- _RAW DATA_:
__________
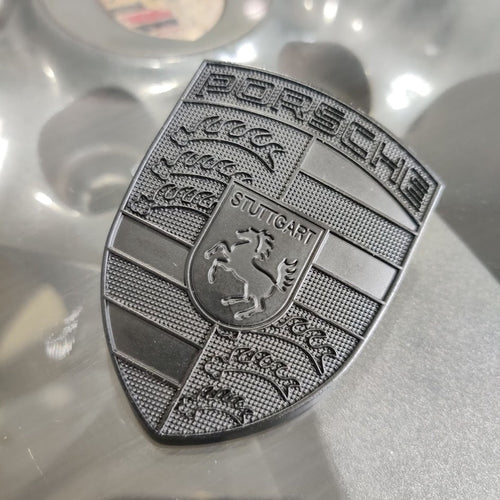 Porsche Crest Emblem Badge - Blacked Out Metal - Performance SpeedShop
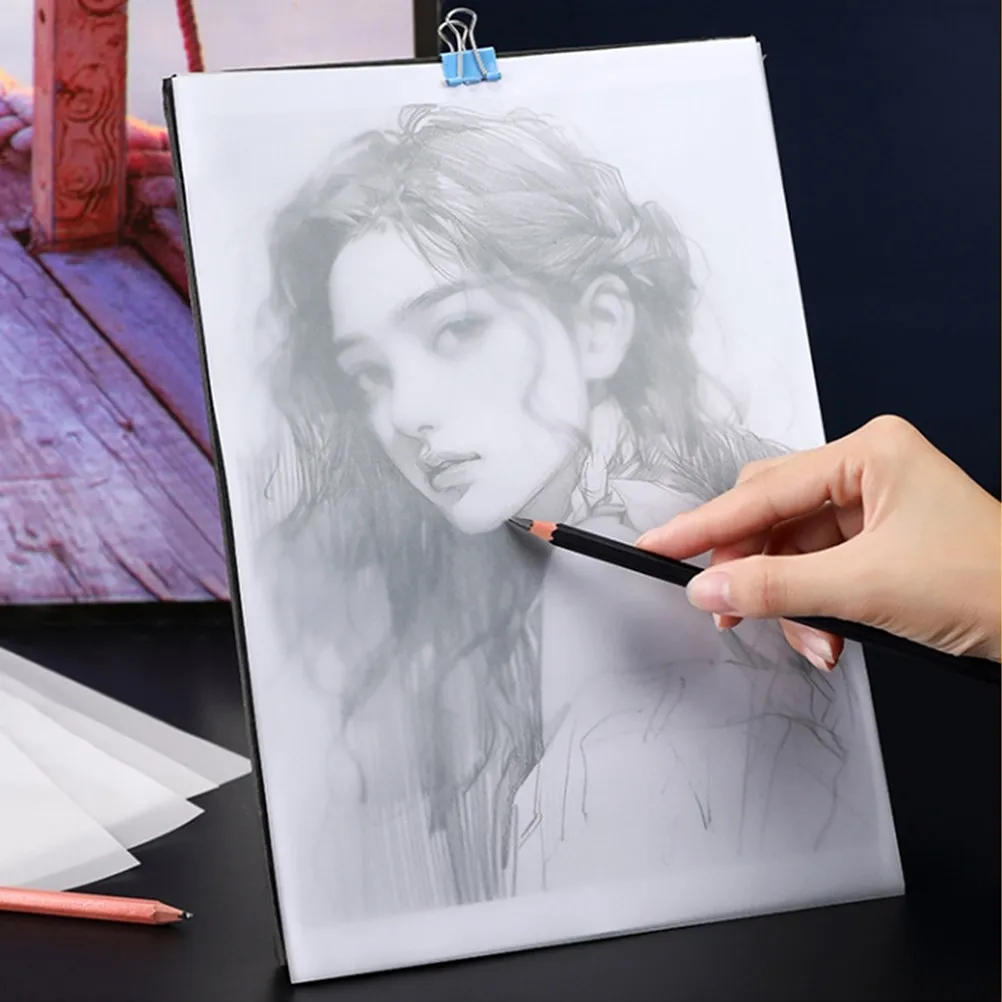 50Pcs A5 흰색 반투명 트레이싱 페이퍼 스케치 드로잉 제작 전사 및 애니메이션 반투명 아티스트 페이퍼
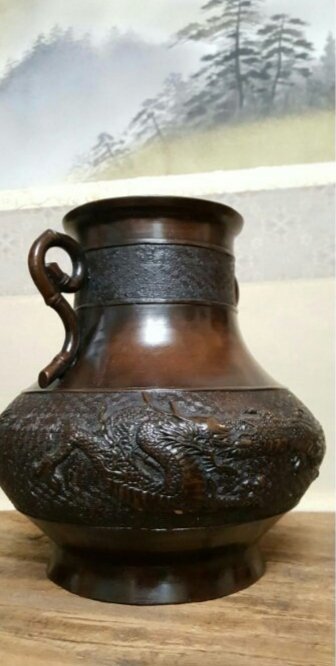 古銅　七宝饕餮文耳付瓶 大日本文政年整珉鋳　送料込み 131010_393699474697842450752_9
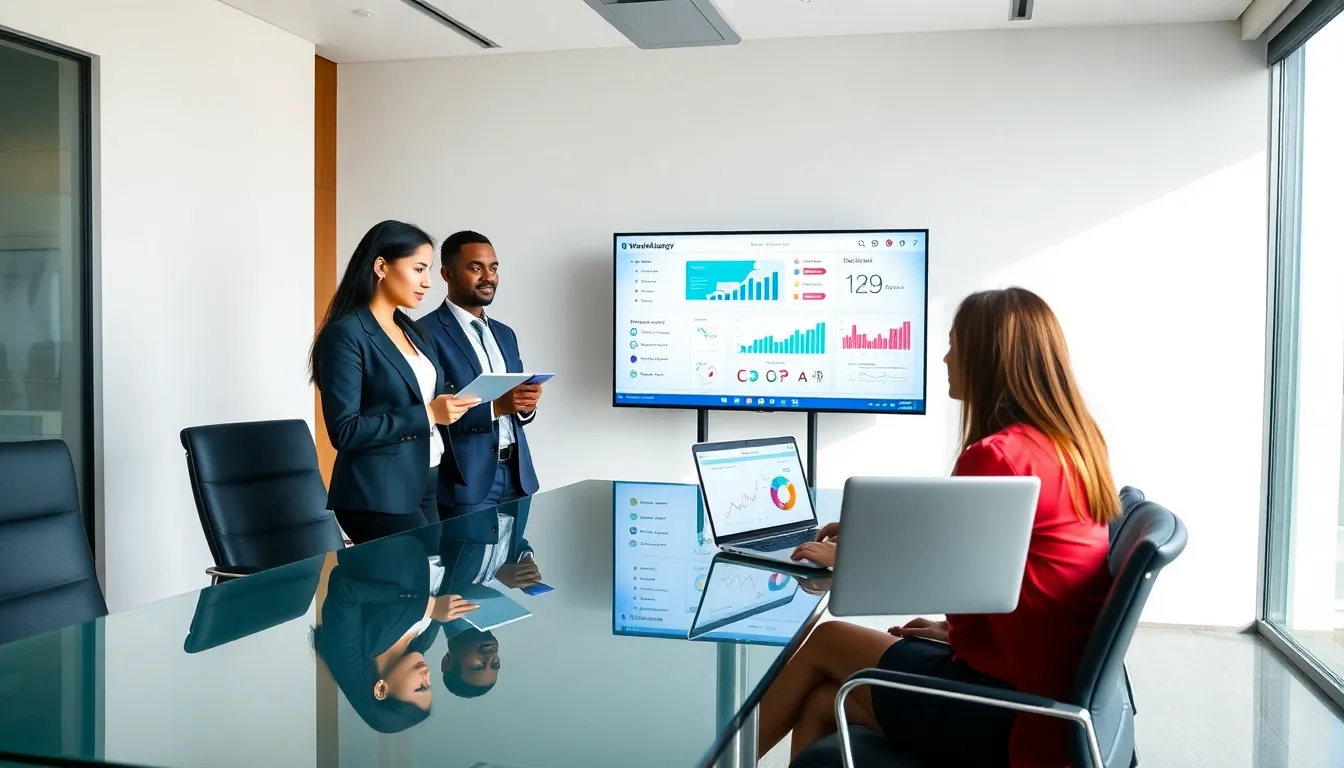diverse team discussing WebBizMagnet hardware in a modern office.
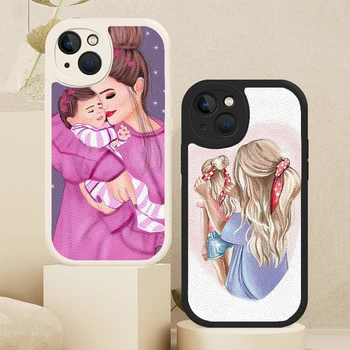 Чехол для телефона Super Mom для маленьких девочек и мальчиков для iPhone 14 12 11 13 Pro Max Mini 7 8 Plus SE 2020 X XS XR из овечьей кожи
__________
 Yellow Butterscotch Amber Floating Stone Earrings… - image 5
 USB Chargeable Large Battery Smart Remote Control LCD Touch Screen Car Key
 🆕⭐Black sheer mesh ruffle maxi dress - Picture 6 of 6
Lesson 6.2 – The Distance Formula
__________
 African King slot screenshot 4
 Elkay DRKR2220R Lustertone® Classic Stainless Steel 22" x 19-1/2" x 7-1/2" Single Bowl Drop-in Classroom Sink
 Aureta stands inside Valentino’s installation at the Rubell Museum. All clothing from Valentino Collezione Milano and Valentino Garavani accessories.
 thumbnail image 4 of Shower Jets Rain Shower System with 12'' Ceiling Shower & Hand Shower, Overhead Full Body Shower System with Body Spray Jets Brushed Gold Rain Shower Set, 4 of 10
__________
- _EXERCISE_: Pictures excluded, reproduce only the part above that opens with the line holding "古銅　七宝饕餮文耳付瓶 大日本文政年整珉鋳　送料込み 131010_393699474697842450752_9" and closes with the line holding "Чехол для телефона", exactly as written.

- _WORKED SOLUTION_:
 古銅　七宝饕餮文耳付瓶 大日本文政年整珉鋳　送料込み 131010_393699474697842450752_9
diverse team discussing WebBizMagnet hardware in a modern office.
 Чехол для телефона Super Mom для маленьких девочек и мальчиков для iPhone 14 12 11 13 Pro Max Mini 7 8 Plus SE 2020 X XS XR из овечьей кожи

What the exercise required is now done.